In 1953, Rechinger visited the United States on a Fulbright Scholarship. There, he worked for three months at the herbarium of the New York Botanical Garden on the genus Rumex.

He made important contributions involving flora native to Southwestern Asia and Greece, being recognized for his work on Flora Iranica and as the author of Flora Aegaea. As a taxonomist, he described many species of plants.

Rechinger was also a lecturer of botany at the University of Vienna, and in 1956-57 was a visiting professor in Baghdad, where he founded a herbarium. With Nicholas Vladimir Polunin he edited the exsiccata Exsiccatae ex Herb. Univ. Baghdadensis. Cent. Prim. Fide K. H. Rechinger, Edit. N. Polunin. He was in 1971 elected a member of the Royal Swedish Academy of Sciences.

He retired from lecturing in 1971, but carried on with his plant explorations.
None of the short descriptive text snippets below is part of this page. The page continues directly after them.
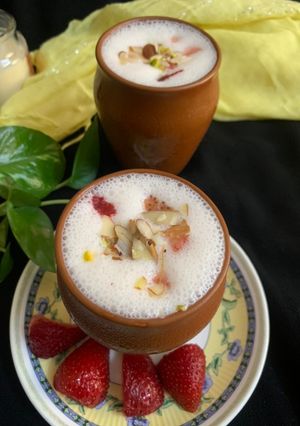 स्ट्रोबेरी लस्सी (strawberry Lassi recipe in hindi) रेसिपी मुख्य फोटो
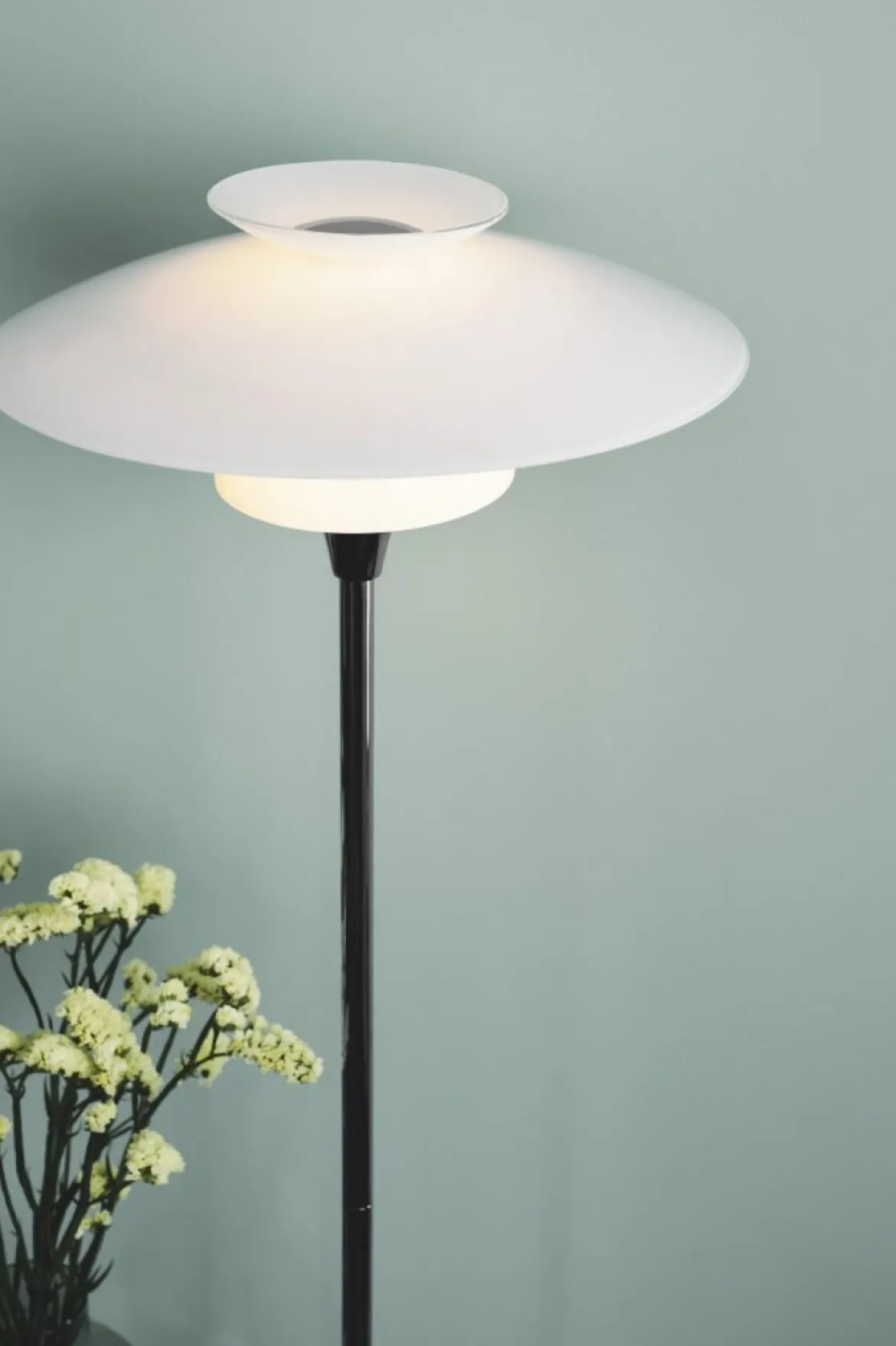 Halo Design No. 733699 Stehleuchte Scandinavia Opal Chrom Ø 40cm H146cm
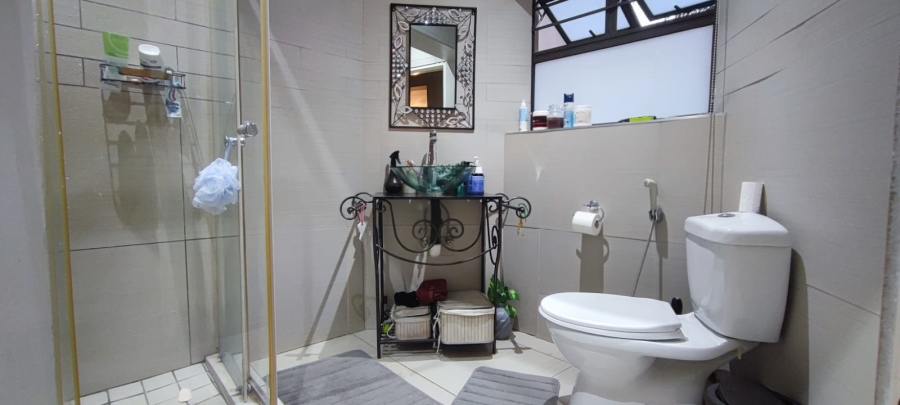 5 Bedroom Property for Sale in Erasmia Gauteng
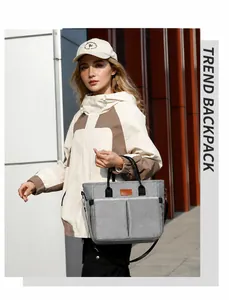 Borsa termica grigia impermeabile con tasche multiple e tracolla staccabile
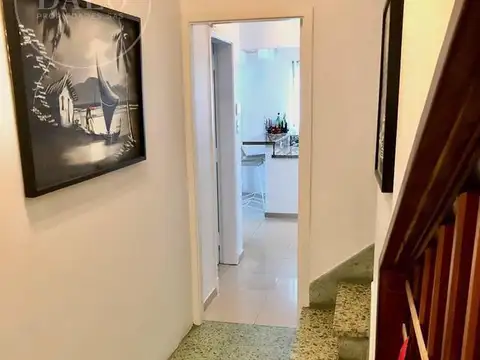 Casa 3 ambientes con 2 baños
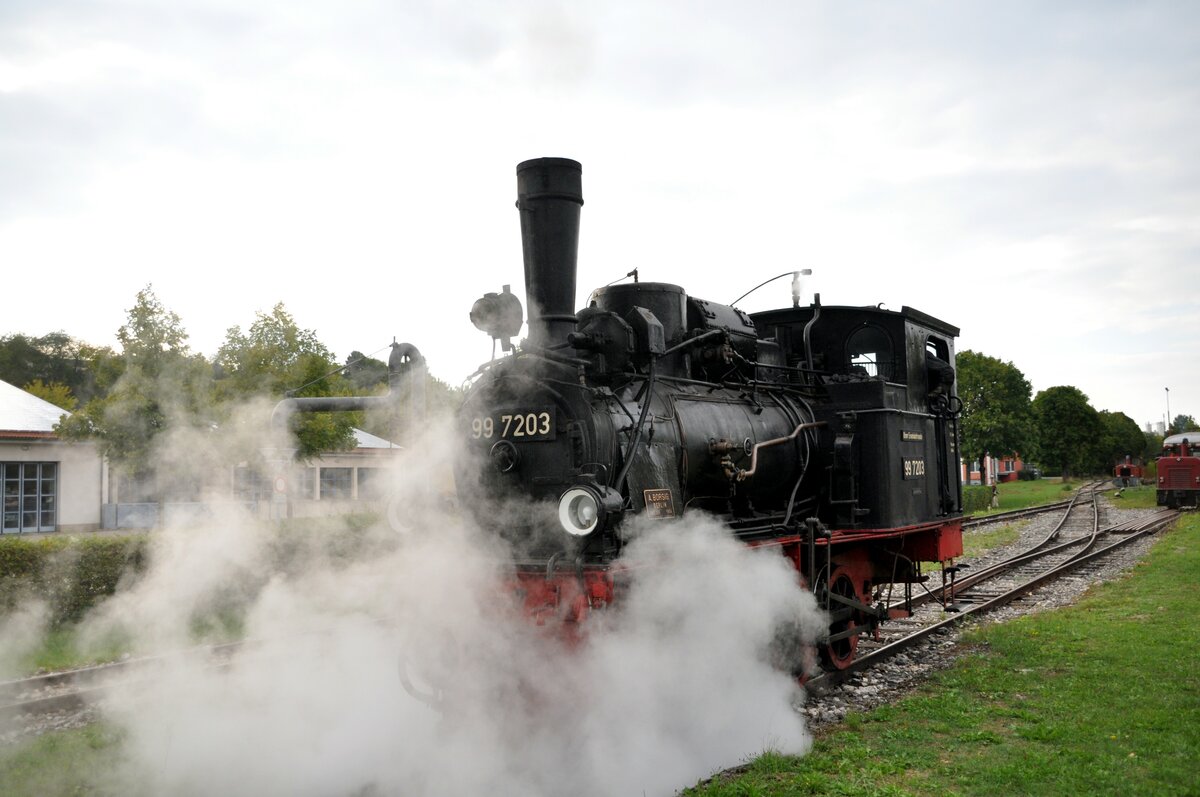 99 7203 der Alb-Bahn fährt nach der Rückfahrt in den Lokschuppen in Amstetten am 11.09.2022.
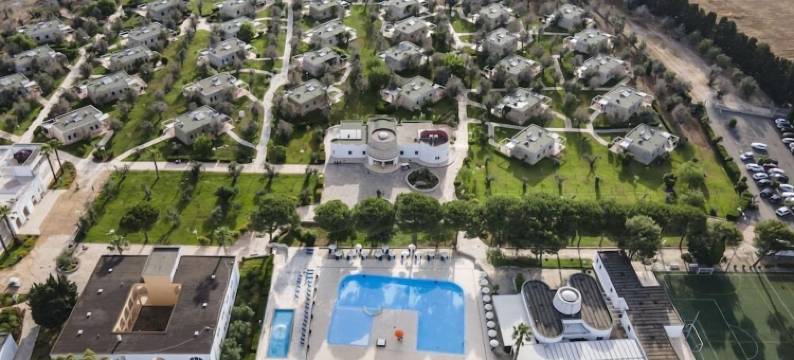 彩色多尔门家庭村(Color Dolmen Family Village)图片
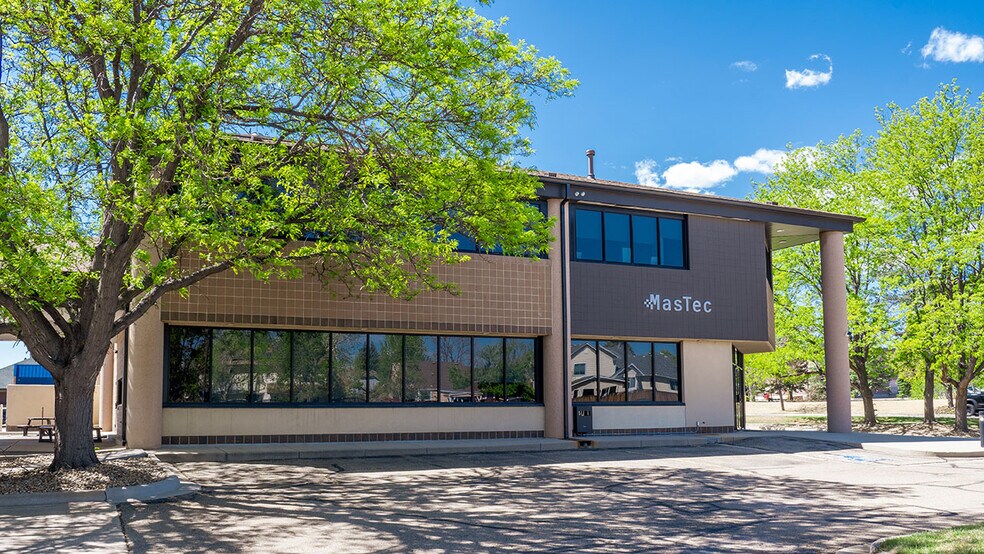 More Photos Of 890 W Cherry St, Louisville Office For Sale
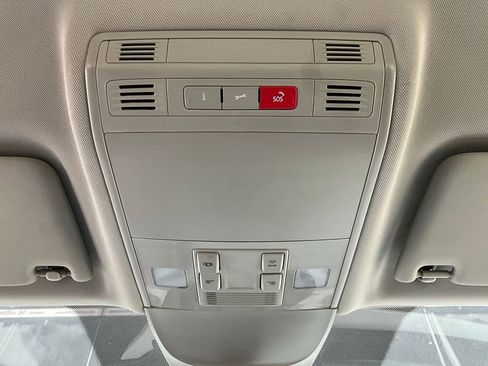 Used 2025 Volkswagen Taos S image 15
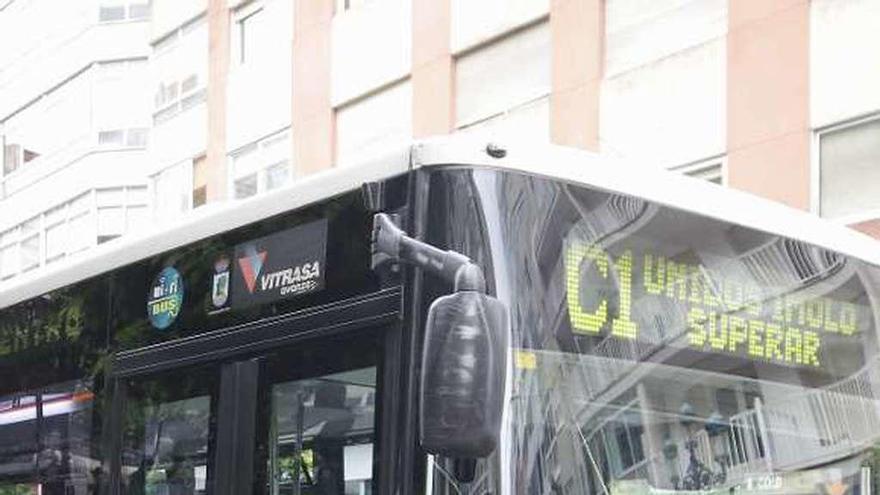 Autobús de Vitrasa. // Alba Villar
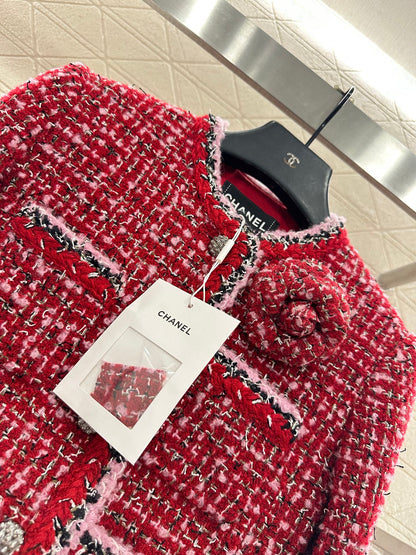 Camellia flower brooch woven outer jacket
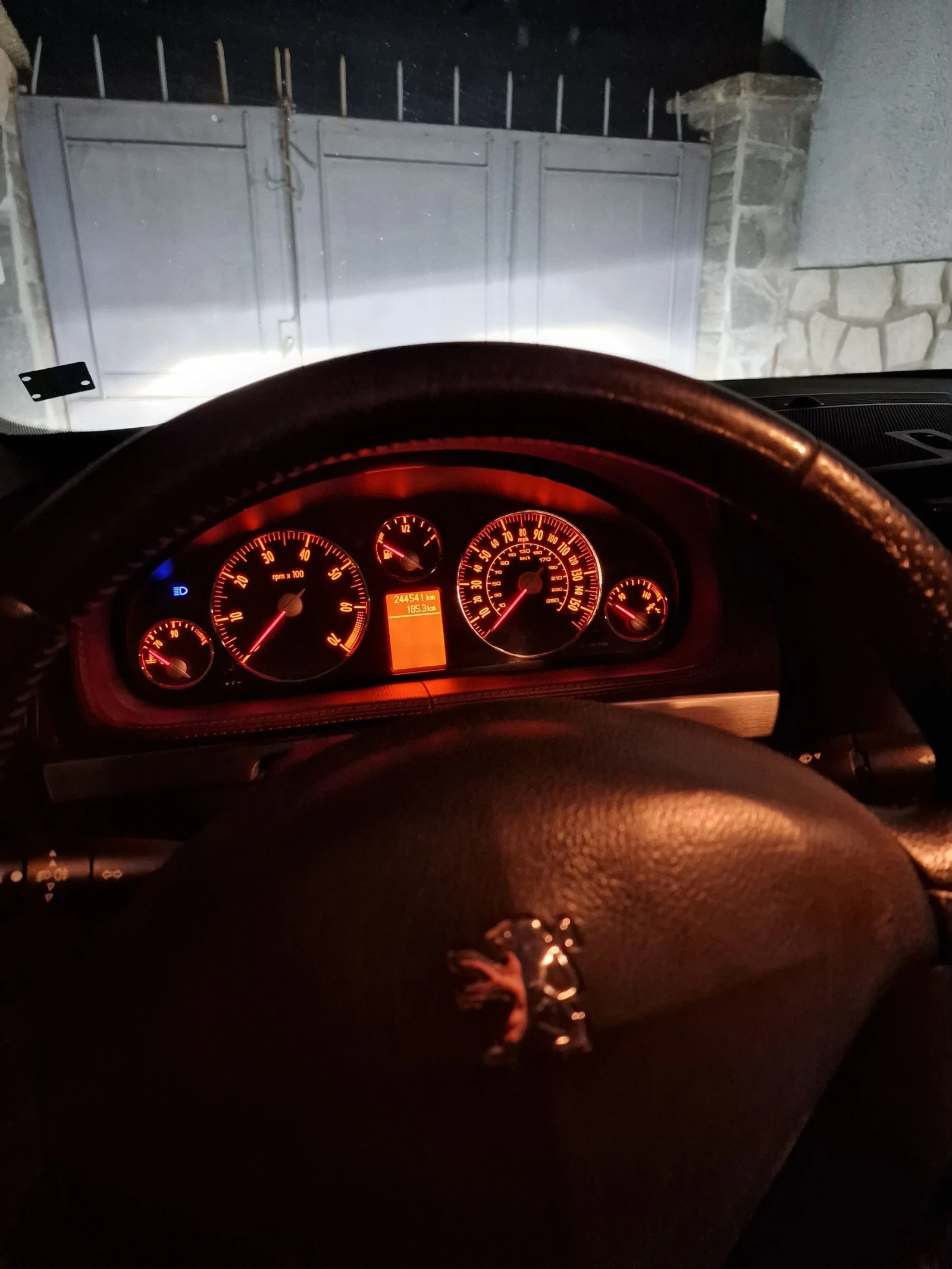 Peugeot 407 Peugeot 407 coupe  2.2i 163./    | Mobile.bg   17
He went to Iran in 1977. He also collected in Western Australia in 1982, Indonesia in 1985, Chile in 1987 and Sri Lanka in 1990. He went deaf in old age.

In 1986, Scottish botanist Ian Charleson Hedge and Karl Rechinger published Plant life of South-West Asia by the Royal Society of Edinburgh,
It was based on a symposium that was dedicated to Karl Heinz Rechinger on his eightieth birthday.

He died on 30 December 1998.

==Botanical specimens==
Botanical specimens collected by Rechinger are held at herbaria around the world, including the National Herbarium of Victoria at the Royal Botanic Gardens Victoria, Harvard University Herbaria, and the Swedish Museum of Natural History.

==Publications==

- Flora Aegaea (1944)
- Flora of Lower Iraq (1967)
- Flora Iranica (1998)

== Eponymy ==
The lichen genus Rechingeria, the fungus genus Rechingeriella, the plant taxa Androcymbium rechingeri, Carthamus rechingeri, Centaurea rechingeri, Erysimum rechingeri, Campanula rechingeri, Paronychia rechingeri, Euphorbia rechingeri, Onosma kaheirei, Trifolium rechingeri, Stipa rechingeri, Trisetum rechingeri and the land snail Albinaria rechingeri are named in his honor.
He also collected reptiles on his journeys, including two species and one subspecies that were named after him; Elaphe rechingeri (now treated as synonym of Elaphe quatuorlineata), Eirenis rechingeri and Podarcis erhardii rechingeri.